Quando o Conselho de Administração da Linx estabeleceu contrato que traz restrições à atuação dos acionistas, inclusive prevendo penalidades que limitam a decisão da Assembleia, temos demonstração de que não se trata de business as usual. Em situações em que uma parte interessada busca expedientes para se apropriar de parte do valor da empresa em detrimento dos demais acionistas, há a configuração de um Prêmio de Controle indevido. A existência de diferentes relações de troca para uma mesma classe acionária fere princípios consagrados de Governança Corporativa e que foram contratualmente firmados no âmbito do Novo Mercado da B3, abrindo precedente perigoso que será muito deletério para o mercado de capitais brasileiro.
O mercado brasileiro se deparou recentemente com mais uma proposta de reestruturação societária com a oferta de incorporação da Linx pela StoneCo. Os pontos críticos do caso dizem respeito à imposição de restrições à deliberação dos acionistas da empresa alvo, à construção de mecanismos não equitativos na distribuição da oferta entre acionistas, e ao contexto de conflitos de interesse (não mitigados) oriundos da multiplicidade de papéis exercidos pelo principal executivo da empresa.

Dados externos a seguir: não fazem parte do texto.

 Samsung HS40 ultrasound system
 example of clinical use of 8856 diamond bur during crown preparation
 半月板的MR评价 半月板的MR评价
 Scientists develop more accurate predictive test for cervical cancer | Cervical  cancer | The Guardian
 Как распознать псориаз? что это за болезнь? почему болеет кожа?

Trata-se de duas empresas do setor de tecnologia que buscam sinergias em suas operações. A Stone, empresa brasileira que atua como credenciadora no competitivo mercado de cartões, fez seu IPO em 2018 e optou por fazer sua listagem fora do Brasil. A Linx, classificada como uma Corporation pela ausência de controlador definido e listada no segmento do Novo Mercado da B3, provê softwares de gestão para empresas de varejo.
Quando o Conselho de Administração da Linx estabeleceu contrato que traz restrições à atuação dos acionistas, inclusive prevendo penalidades que limitam a decisão da Assembleia, temos demonstração de que não se trata de business as usual. Nesses processos, os acionistas devem receber tratamentos equânimes, não podendo ser alijados da decisão sobre o mérito dessas operações.

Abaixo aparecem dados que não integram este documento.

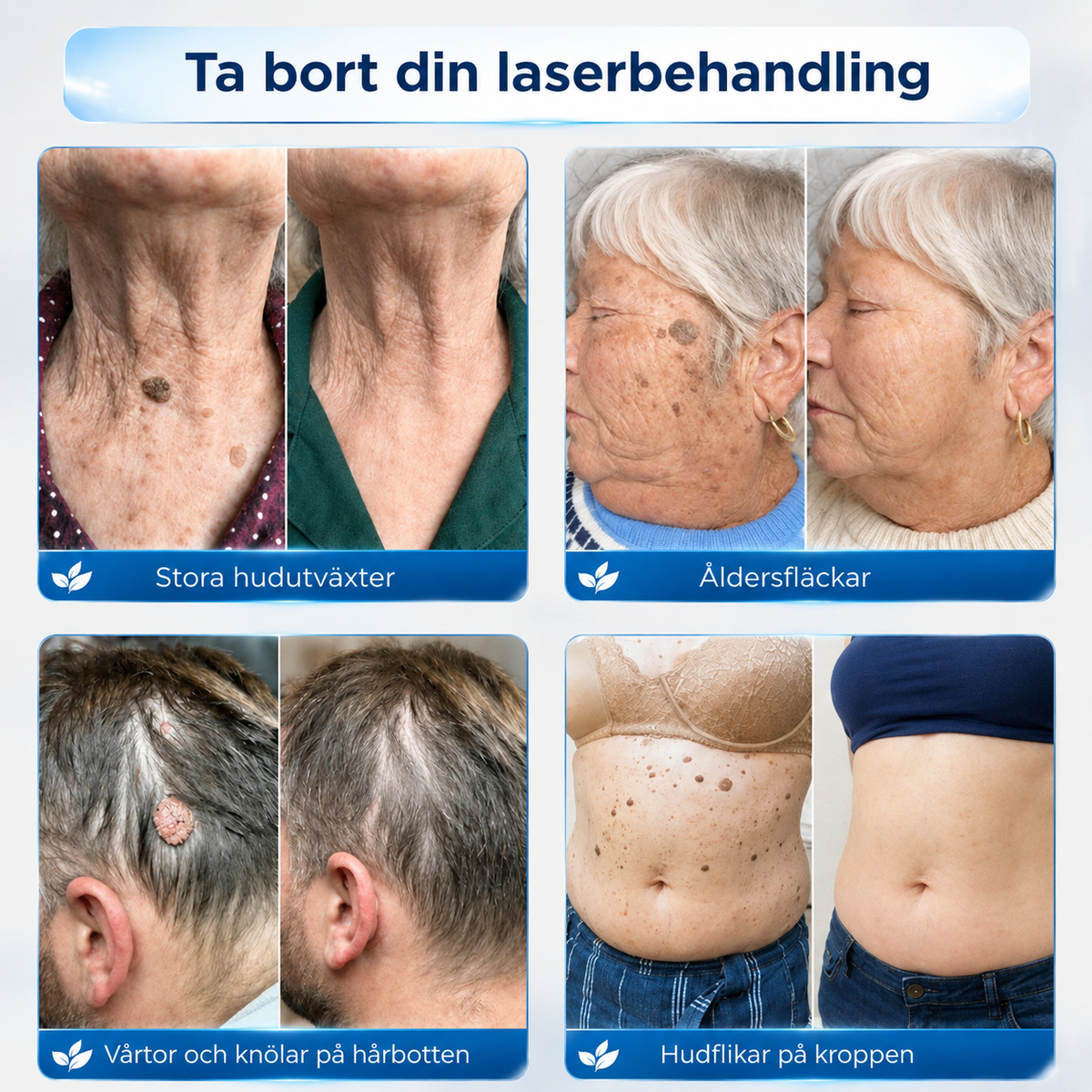 HudRen™ | Roll-on för hudflikar och vårtor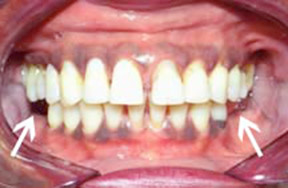 Dentures 1 - Before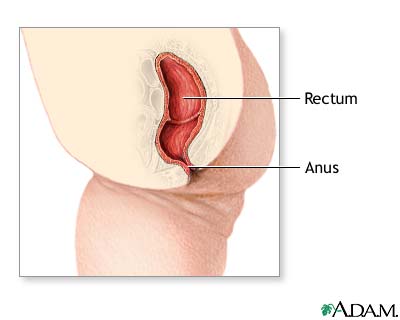 Imperforate anus repair - series Imperforate anus repair - series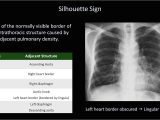 Right Cardiac Border X Ray How to Interpret A Chest X Ray Lesson 8 Focal Lung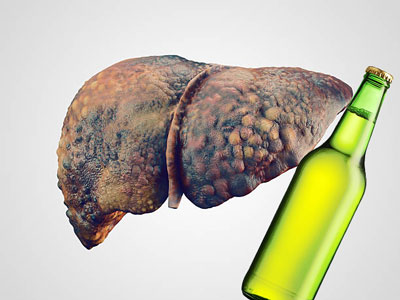Famous Gastroenterologist in Hyderabad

Restrição ao direito de voto
O contrato foi realizado em condições que lançam dúvidas sobre a alçada decisória do Board, especialmente quando impõe cláusulas inovadoras que geram incertezas sobre sua legitimidade, uma vez que alcançam direitos soberanos dos demais acionistas na decisão sobre a operação. O documento teve ainda o condão de dificultar, ou mesmo impedir, que fossem analisadas propostas alternativas que eventualmente trariam condições mais vantajosas à empresa, sobretudo pelo fato de que a empresa Totvs, conforme informações divulgadas, sinalizava interesse na apresentação de proposta alternativa, o que ocorreu horas depois.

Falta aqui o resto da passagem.